GIVEN DATA -
####################

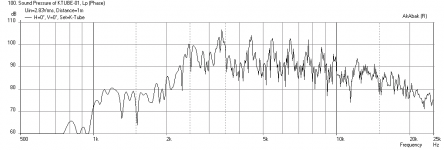 Ktube-3in-1in-freq-1m.png
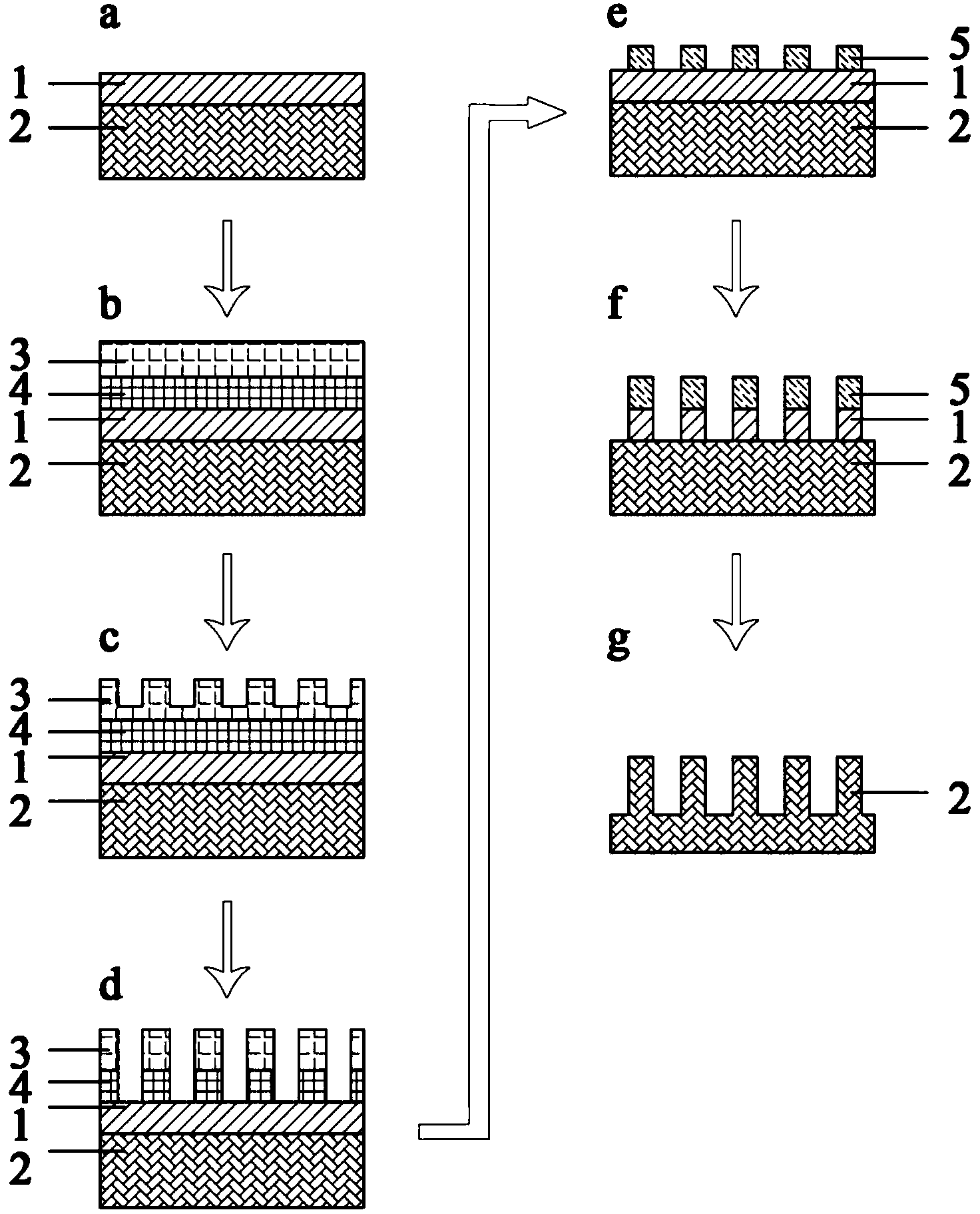 Method for preparing orderly gallium nitride nano pillar array with ultraviolet soft imprinting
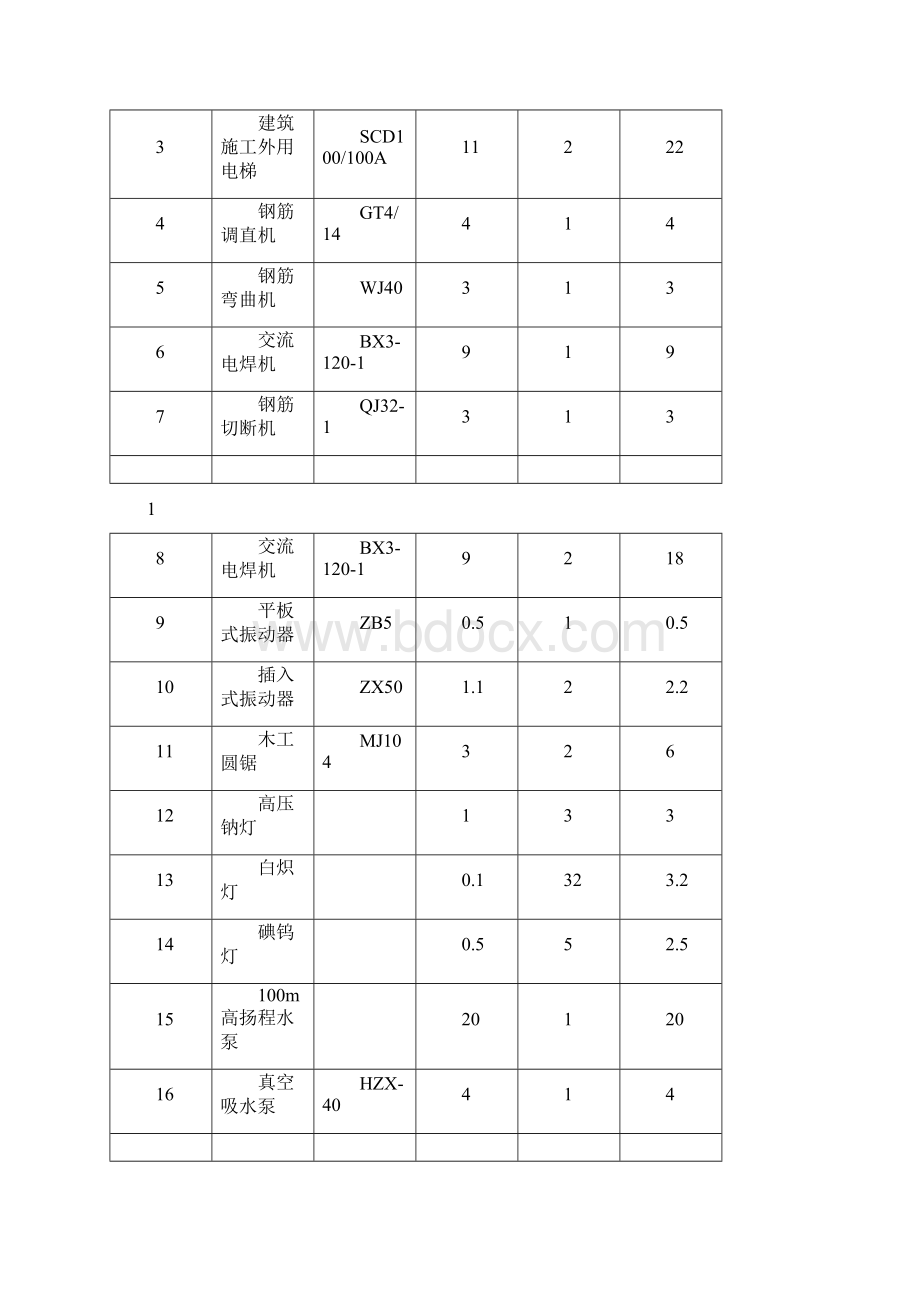 凯旋门1416#楼施工现场临时用电组织设计.docx_第2页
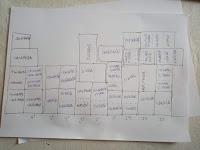 EXPERIENCIAS CON LOS SEMILLEROS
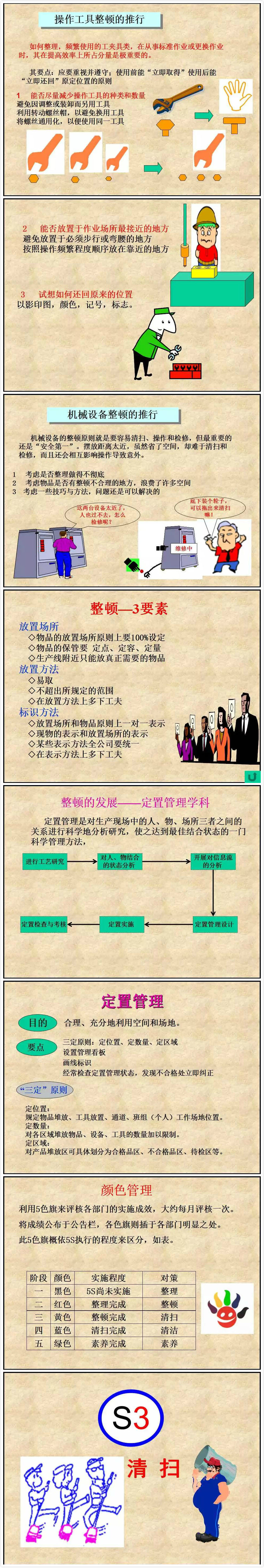 5s生产现场管理ppt 北京设备管理协会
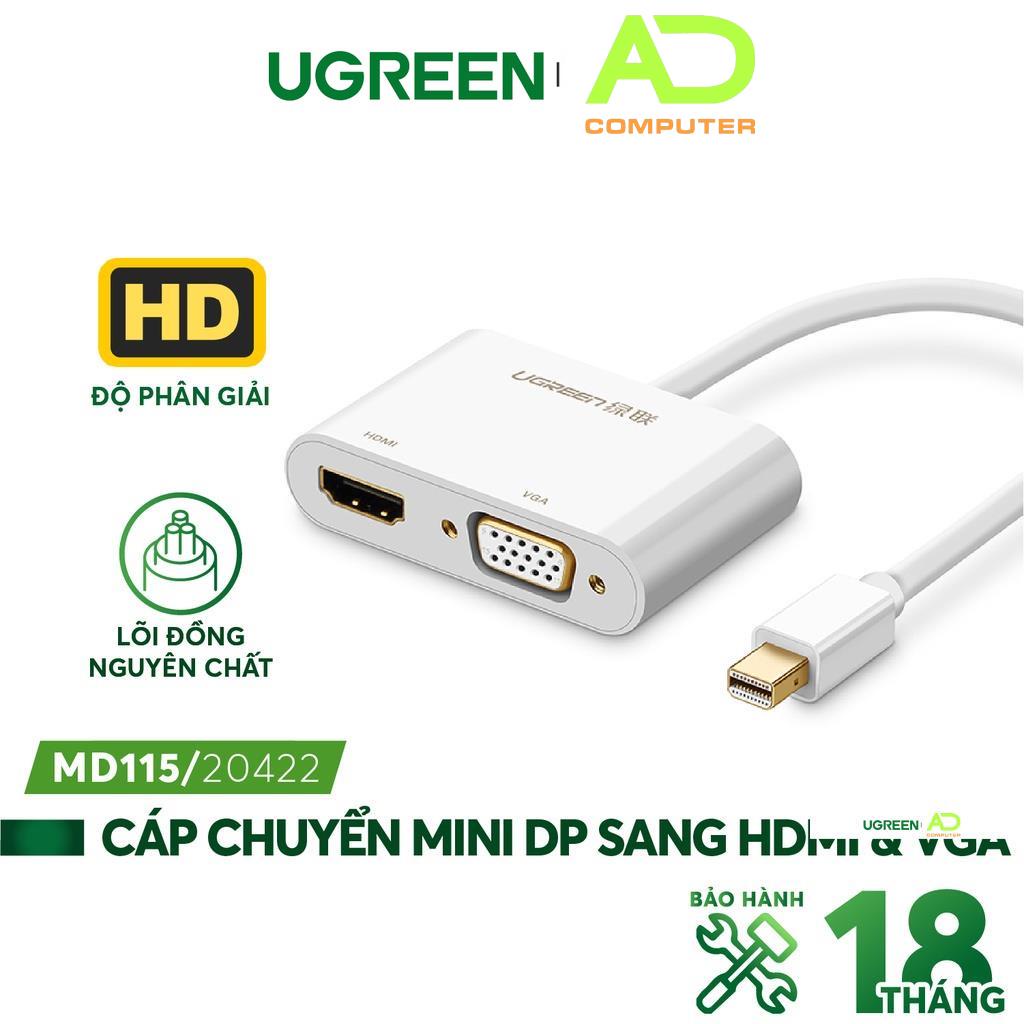 Cáp chuyển đổi Mini DisplayPort sang HDMI và VGA dài 20cm UGREEN MD115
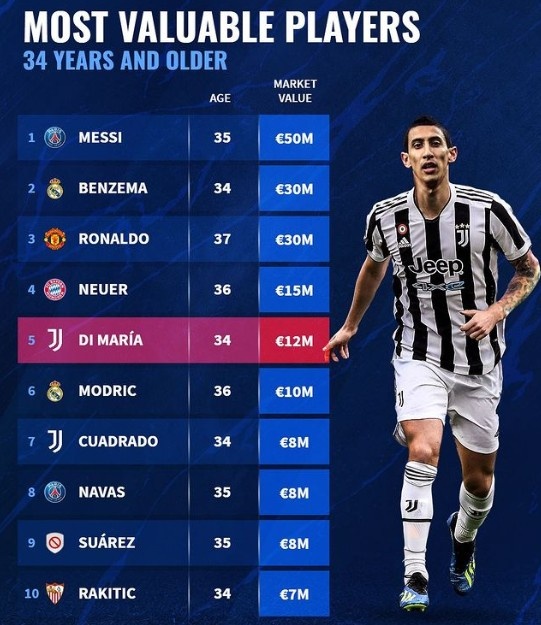 德转列34岁以上身价榜:梅西本泽马C罗列前三,迪马利亚在列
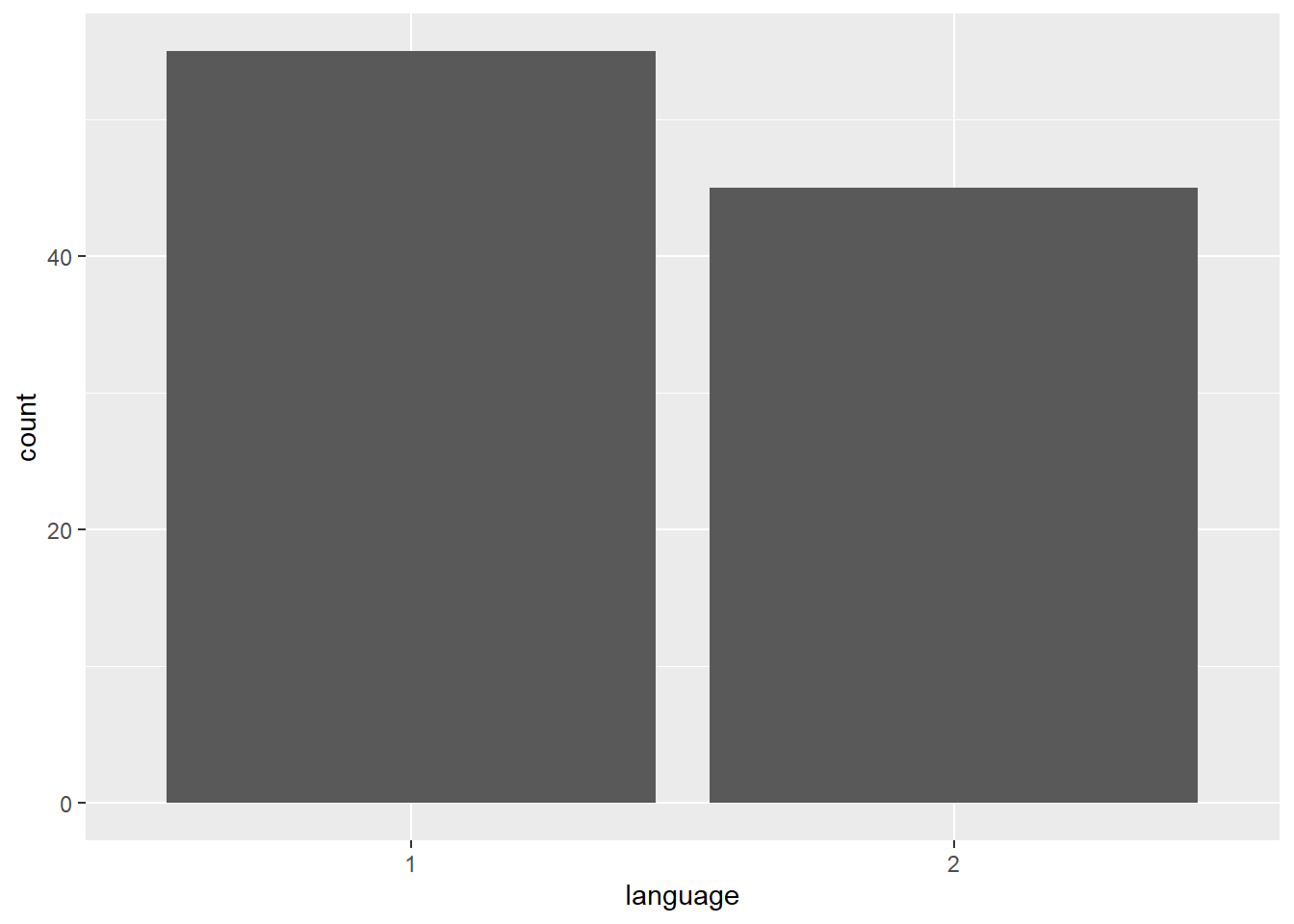 Bar chart of counts.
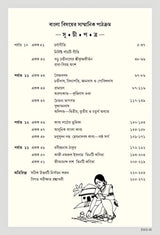 NSOU Prasnauttore EBG-III Elective Bengali (Hon) Paper -III - Retail Maharaj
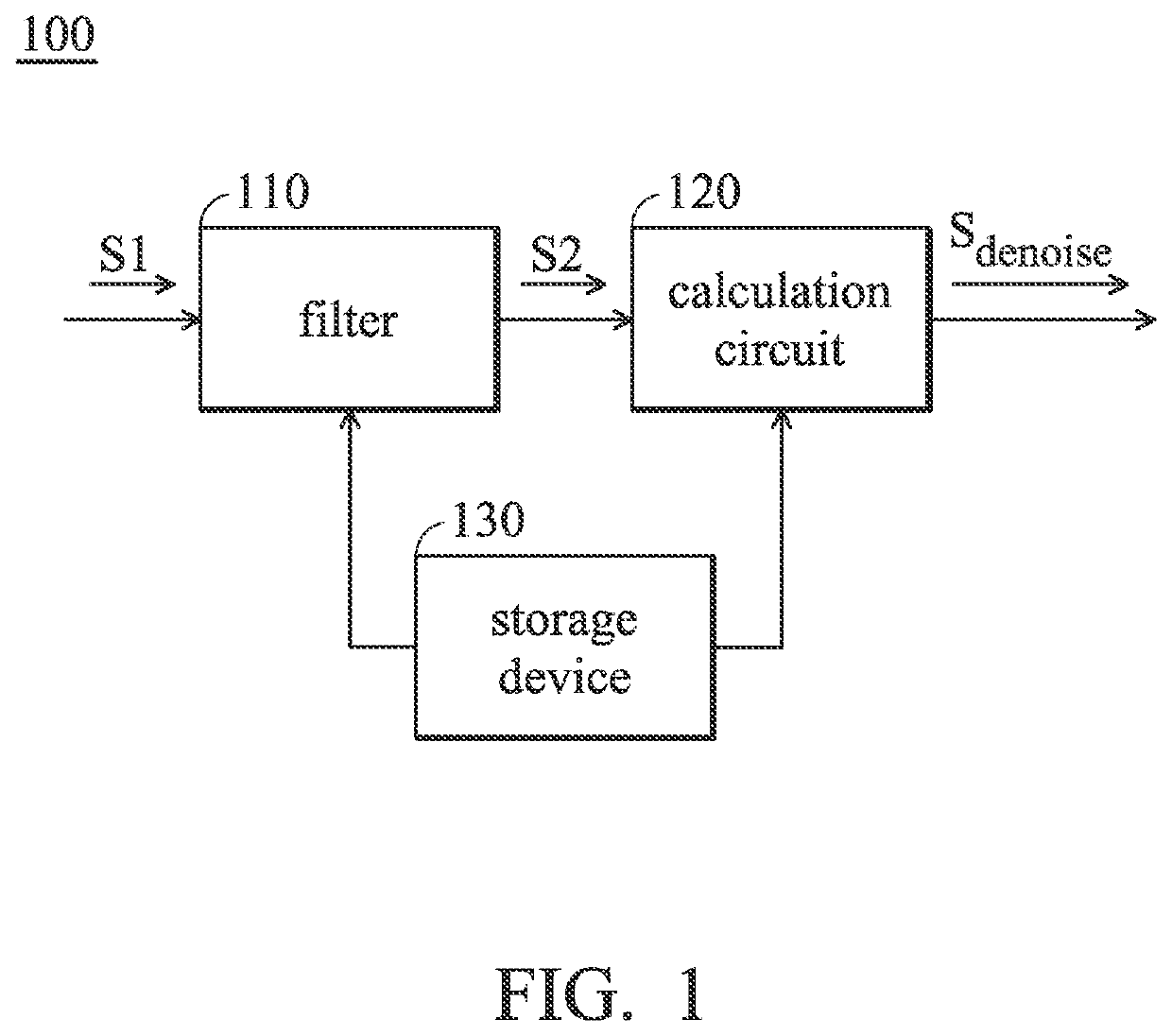 ECG noise-filtering device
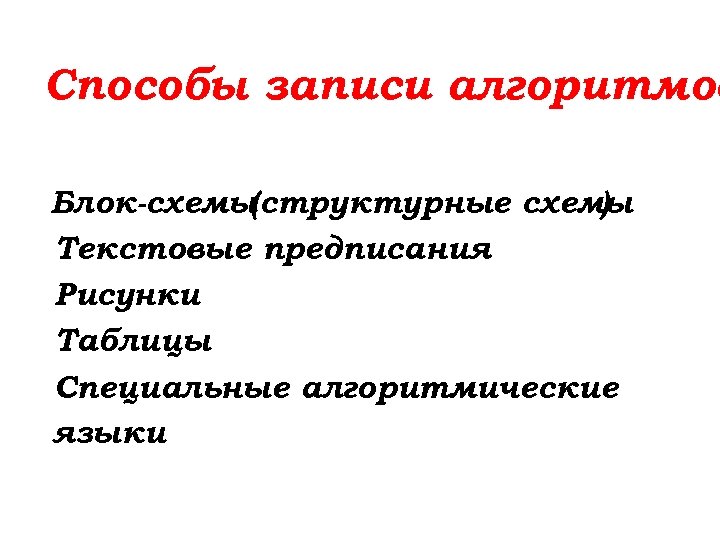 Способы записи алгоритмов Блок-схемы(структурные схемы ) Текстовые предписания Рисунки Таблицы Специальные алгоритмические языки 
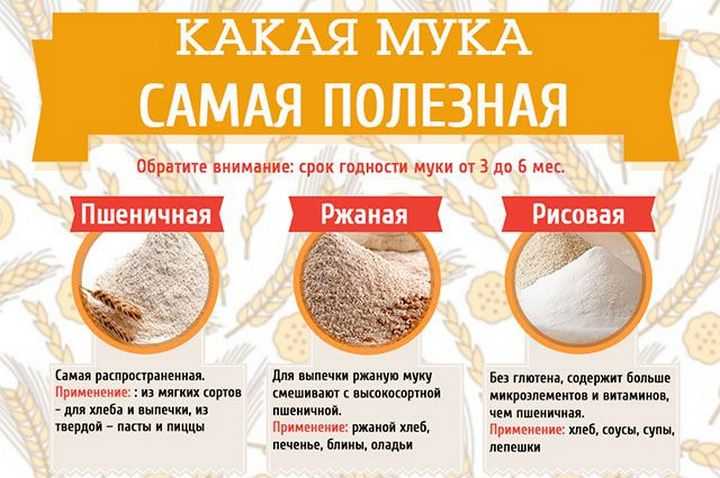 Польза и вред для организма муки высшего, первого, второго сорта – портал "стань лучше"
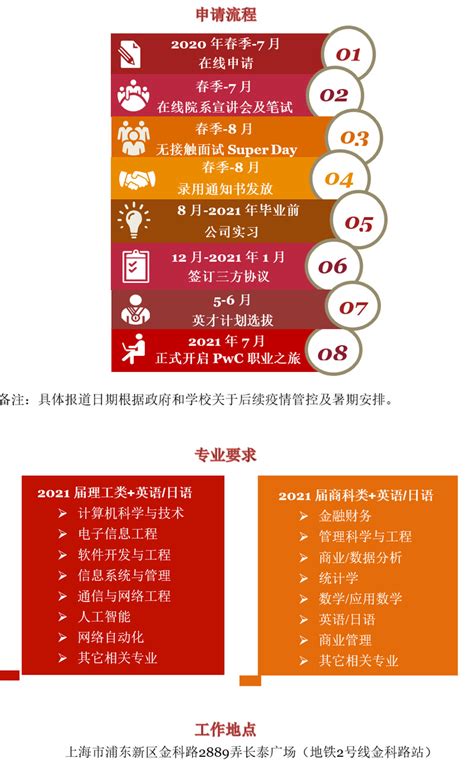 永福成功举办2021年首场“春风行动”网络直播招聘会-广西新闻网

####################

DESCRIPTION OF THE TASK - Pictures excluded, transcribe the listing above exactly from the line with "德转列34岁以上身价榜:梅西本泽马C罗列前三,迪马利亚在列" through the line with "Польза и вред", and no further.

WRITTEN SOLUTION -
 德转列34岁以上身价榜:梅西本泽马C罗列前三,迪马利亚在列
 Bar chart of counts.
 NSOU Prasnauttore EBG-III Elective Bengali (Hon) Paper -III - Retail Maharaj
 ECG noise-filtering device
 Способы записи алгоритмов Блок-схемы(структурные схемы ) Текстовые предписания Рисунки Таблицы Специальные алгоритмические языки 
 Польза и вред для организма муки высшего, первого, второго сорта – портал "стань лучше"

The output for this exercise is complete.